▶ _Given records_:
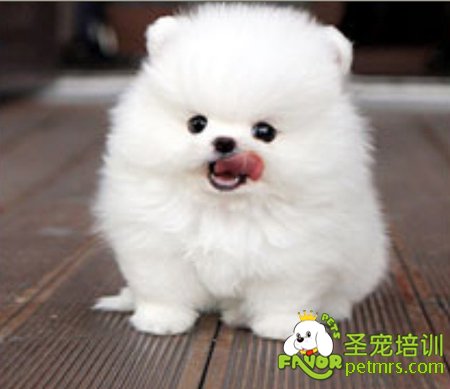 可愛狗狗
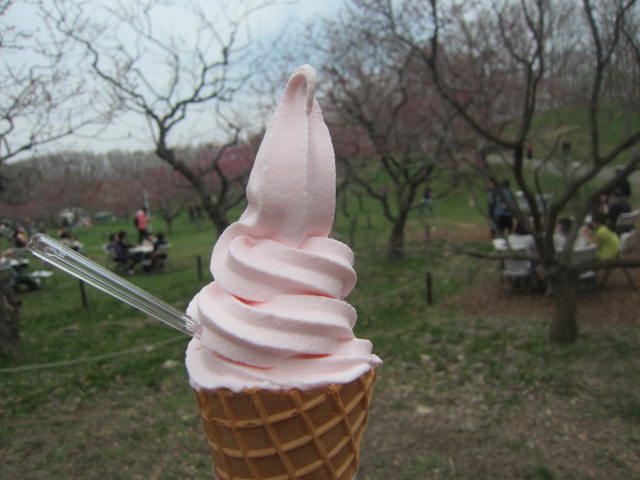 IMG 0094 - 平岡公園梅林祭りの梅ソフトクリームと梅シューアイス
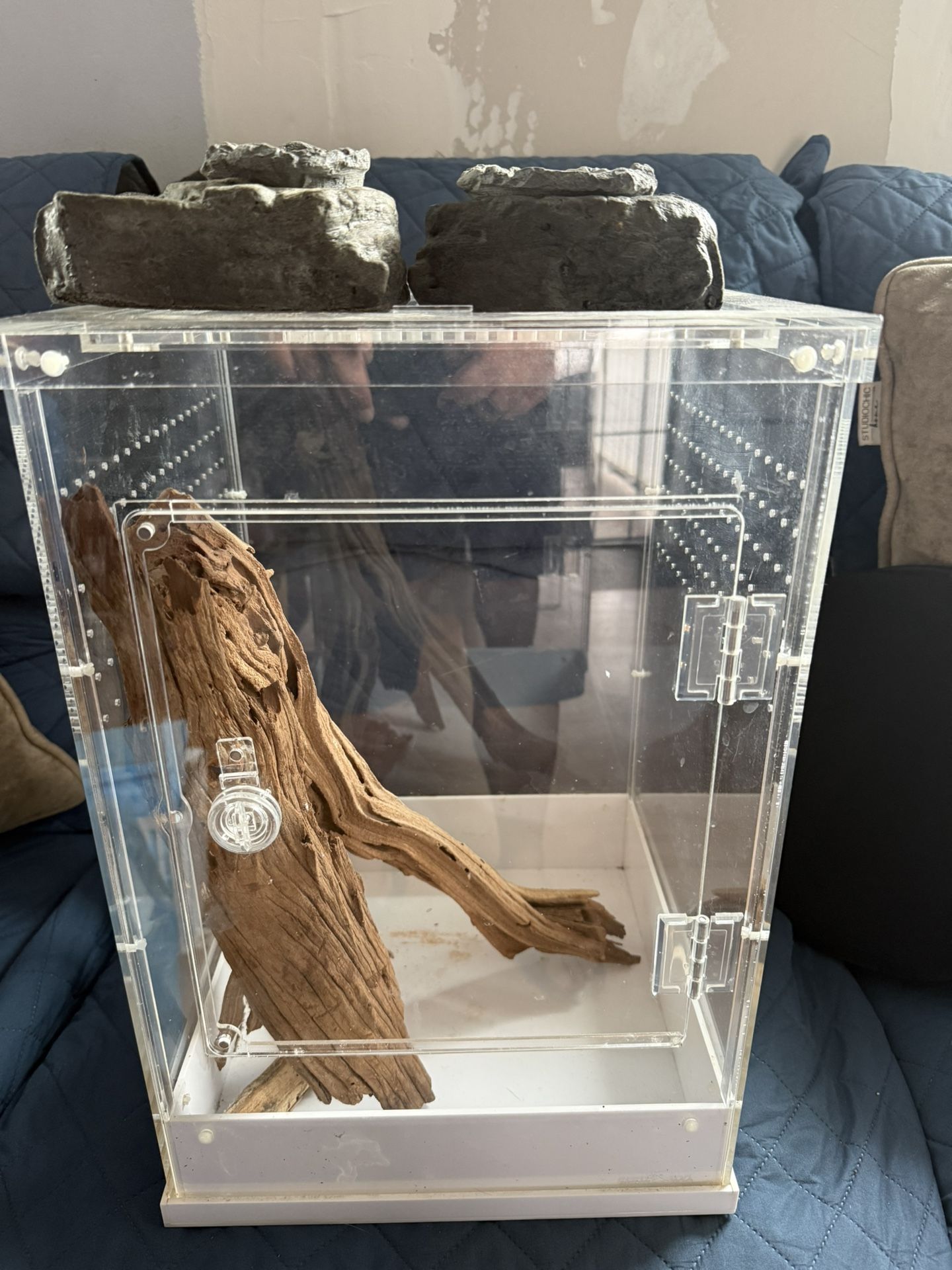Crested Gecko Acrylic Tank – Includes Reptile Tree + Feeding Trays + Greens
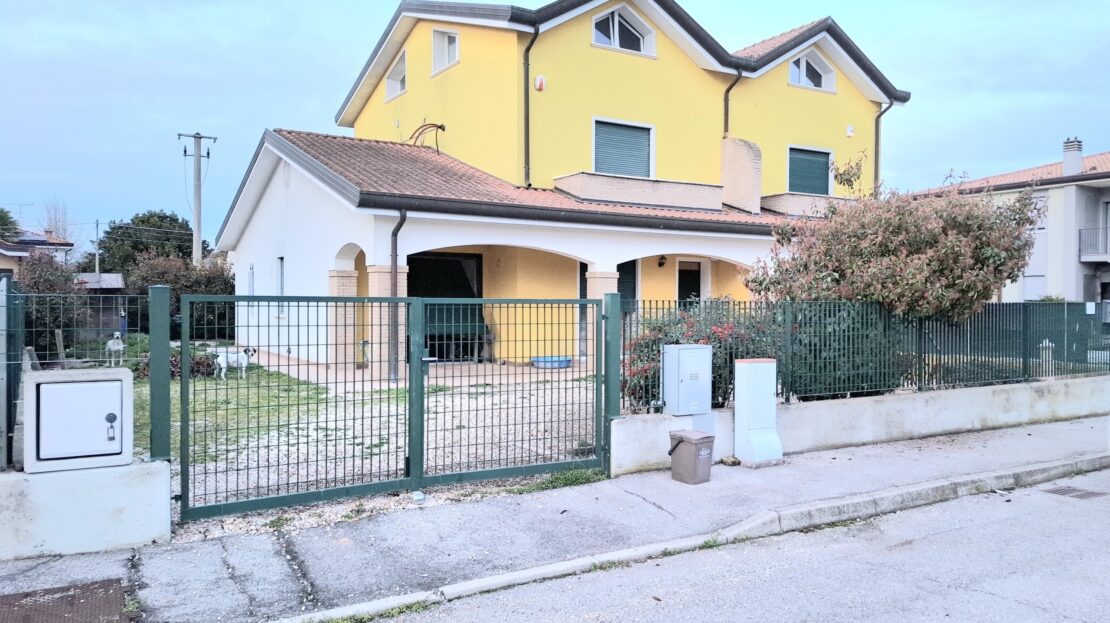 Immagine video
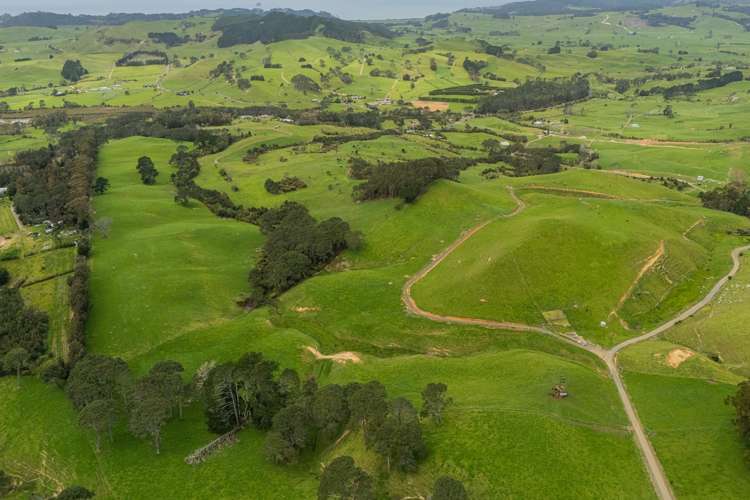 Lot 2/471 Purangi Road_2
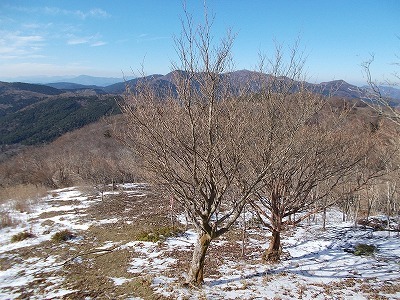 f0308898_20261584.jpg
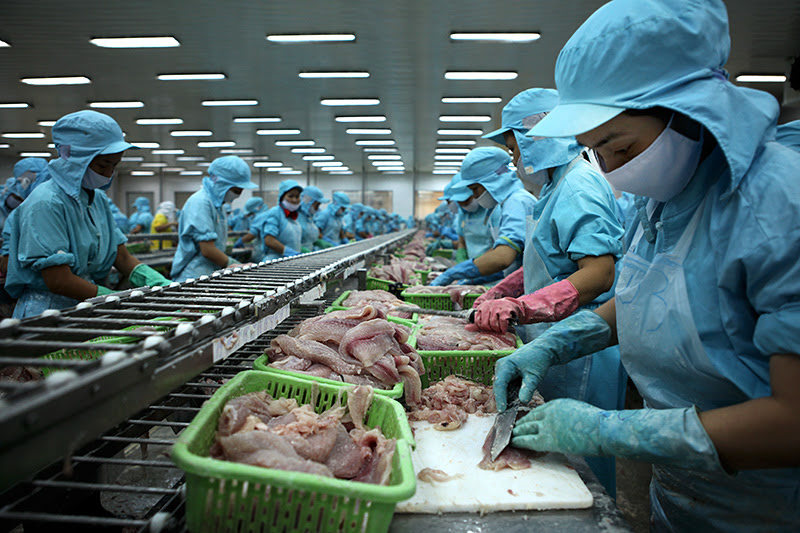 Cập nhật nhiều tiến bộ khoa học kỹ thuật trong lĩnh vực thủy sản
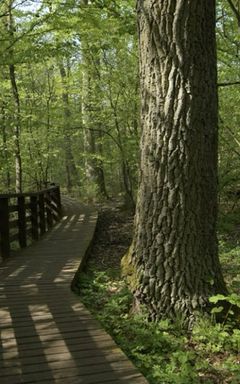 Выходной на природе в Puszcza Kampinowska🌲🪵 cover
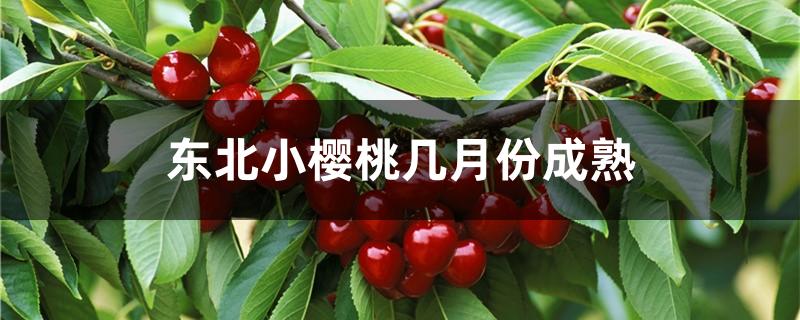 东北小樱桃几月份成熟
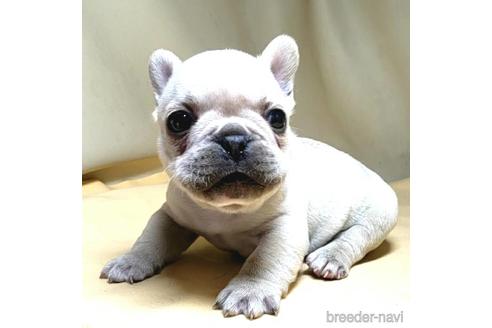 成約済の茨城県のフレンチブルドッグ-172475の5枚目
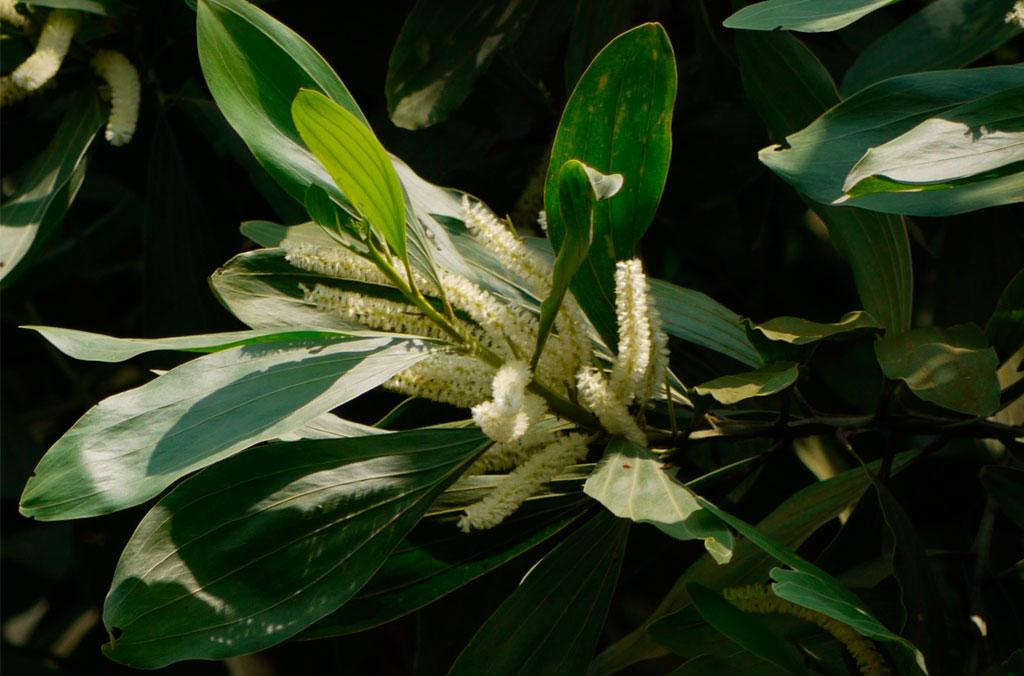 A Hickory Wattle in flower.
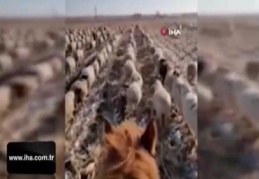 Çinli çobandan şaşırtan eğitim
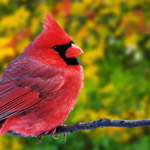 ���� ���������� �������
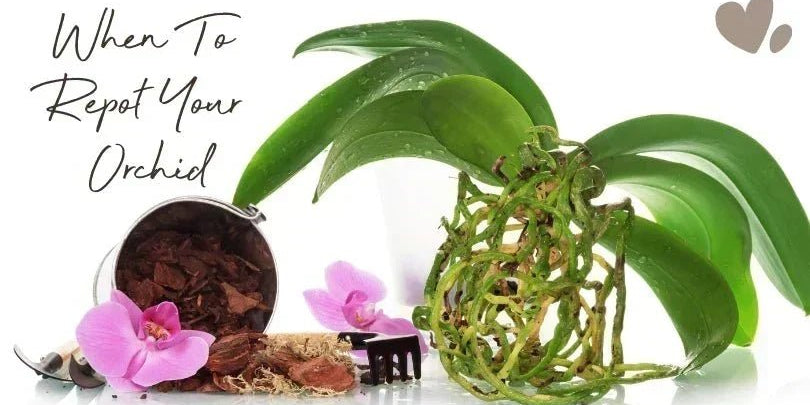 When to Repot an Orchid: Signs It’s Time and How to Do It - Love Orchids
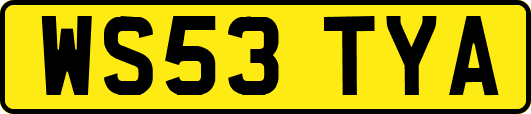 WS53TYA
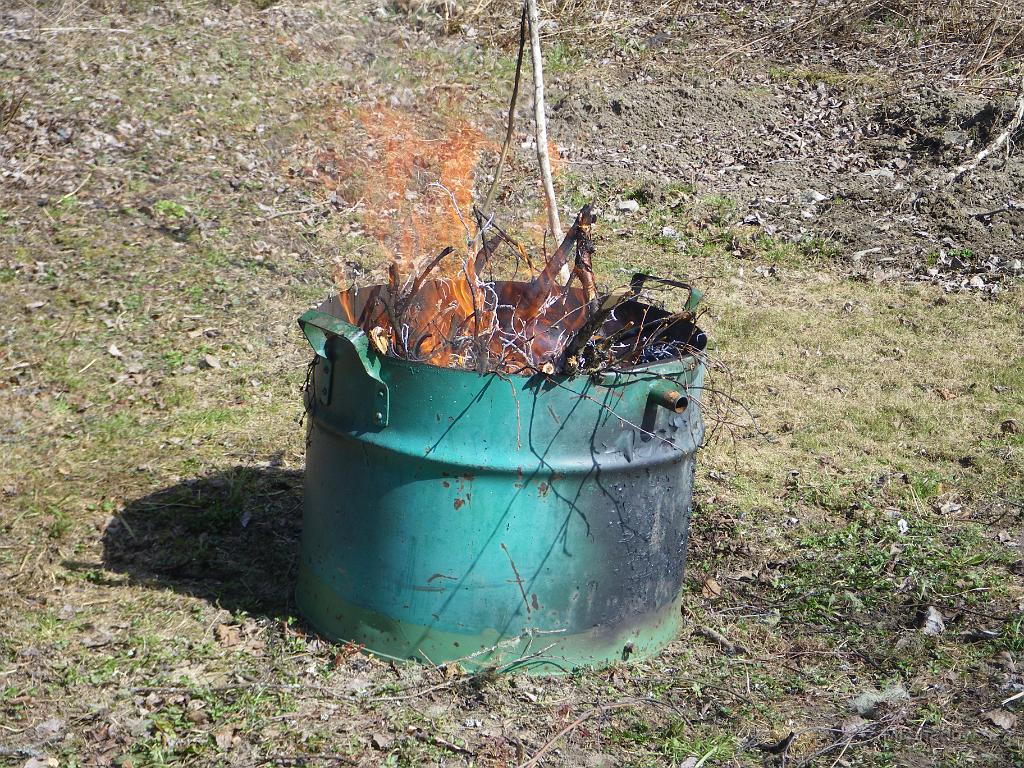 IMGP6052.JPG - Eldar upp lite ris efter höst och vårstädningen på tomten.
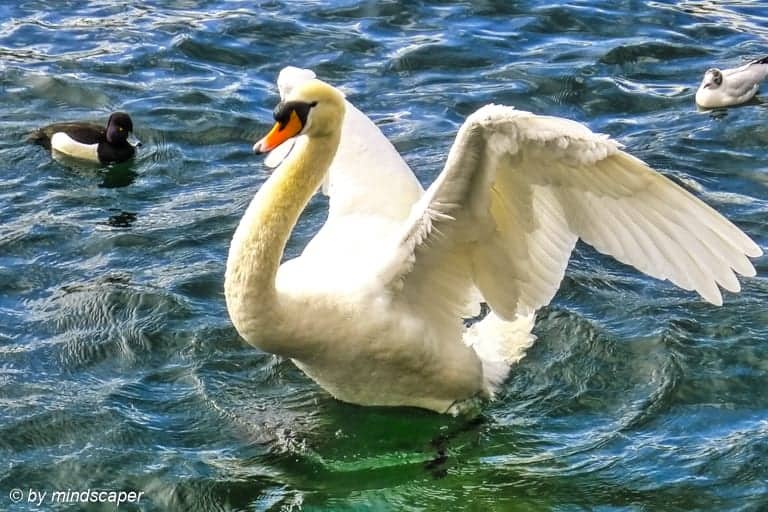 Swan in Zurich - Springtime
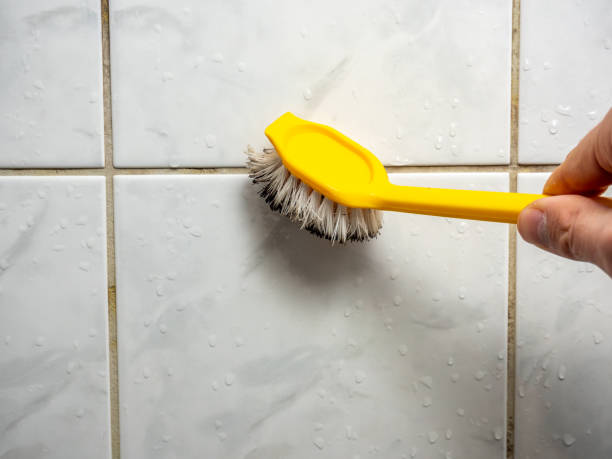 Reliable Irvine, CA Mold Remediation Solutions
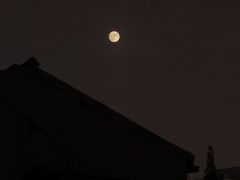 -文三酒肆自助放题(新街口友谊广场店)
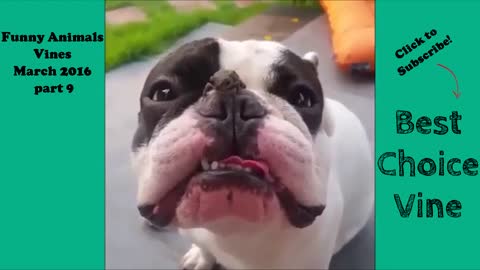Funny Animals - A Funny Animal Videos 2016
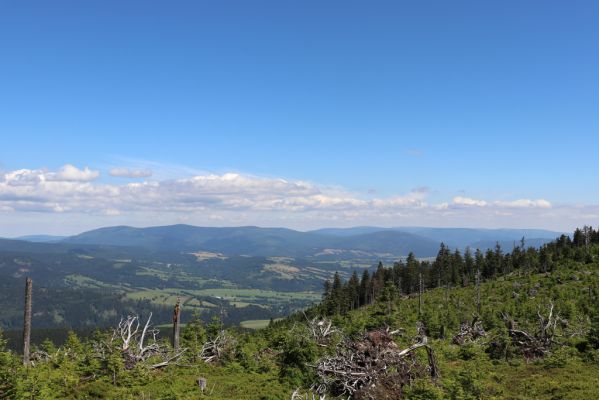 Dolní Morava, 14.7.2020
Králický Sněžník, Stříbrnická. Pohled na Hrubý Jeseník.
Klíčová slova: Králický Sněžník Dolní Morava Stříbrnická Hrubý Jeseník Ampedus aethiops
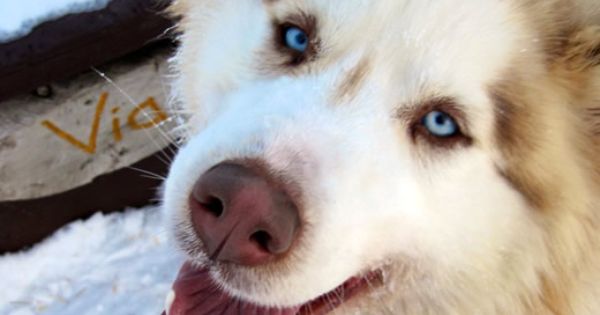 A Happy Face After A Day Of Running In Churchill Manitoba Canada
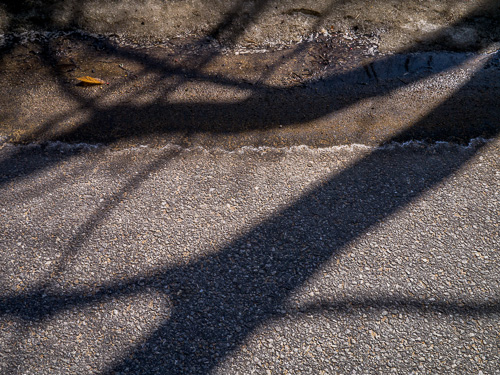 closeup of broad tree trunk shadows on asphalt road, cracks, dirty snow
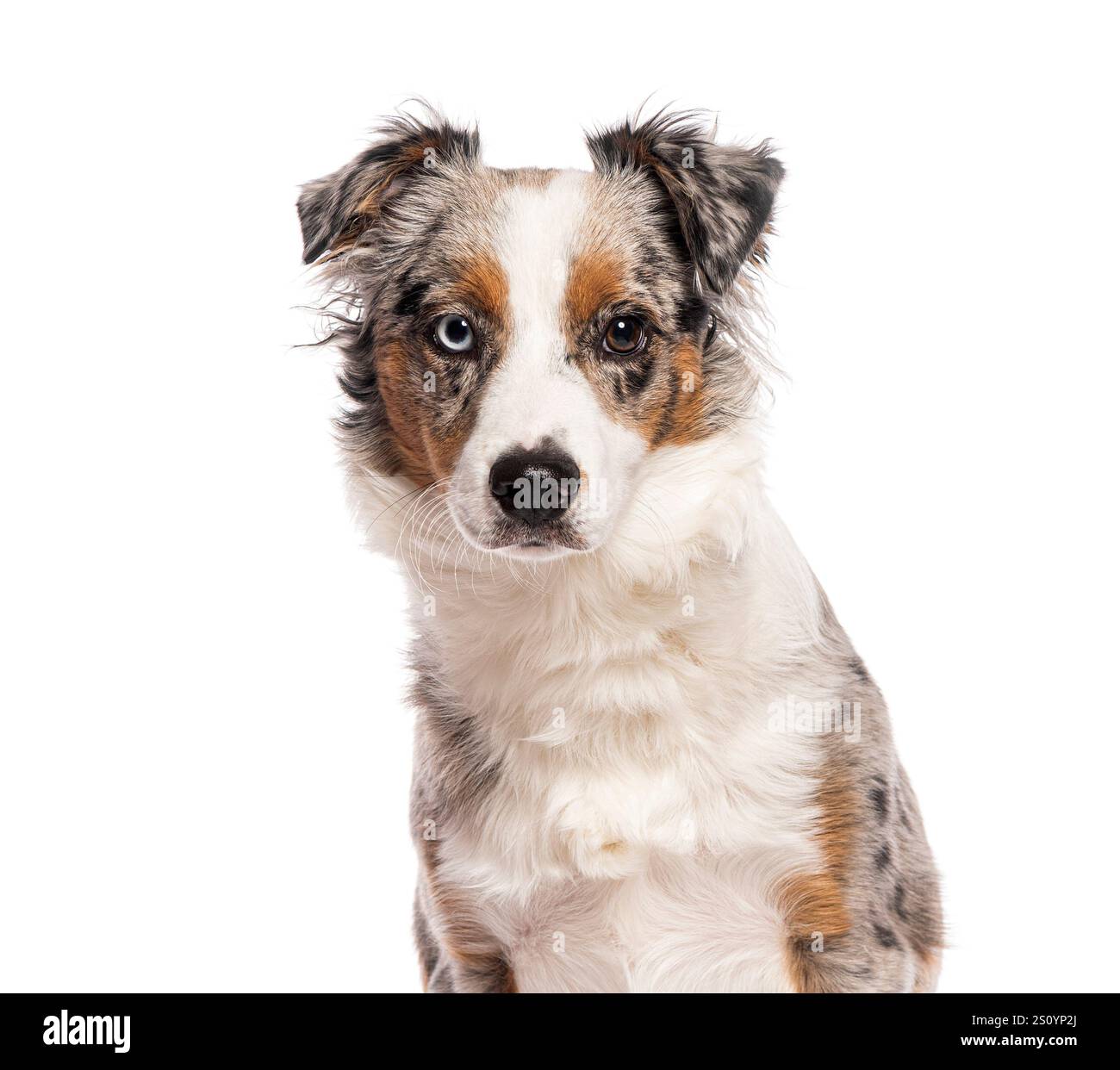 Portrait d'un beau chien berger australien miniature assis et regardant vers l'avant sur fond blanc Banque D'Images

▶ _Work to be completed_:
When you transcribe the entries above, begin at their first line, end with the line containing "Çinli çobandan şaşırtan eğitim", and copy each line exactly without any picture.

▶ _Answer to this problem_:
 可愛狗狗
 IMG 0094 - 平岡公園梅林祭りの梅ソフトクリームと梅シューアイス
Crested Gecko Acrylic Tank – Includes Reptile Tree + Feeding Trays + Greens
 Immagine video
 Lot 2/471 Purangi Road_2
 f0308898_20261584.jpg
 Cập nhật nhiều tiến bộ khoa học kỹ thuật trong lĩnh vực thủy sản
 Выходной на природе в Puszcza Kampinowska🌲🪵 cover
 东北小樱桃几月份成熟
 成約済の茨城県のフレンチブルドッグ-172475の5枚目
 A Hickory Wattle in flower.
 Çinli çobandan şaşırtan eğitim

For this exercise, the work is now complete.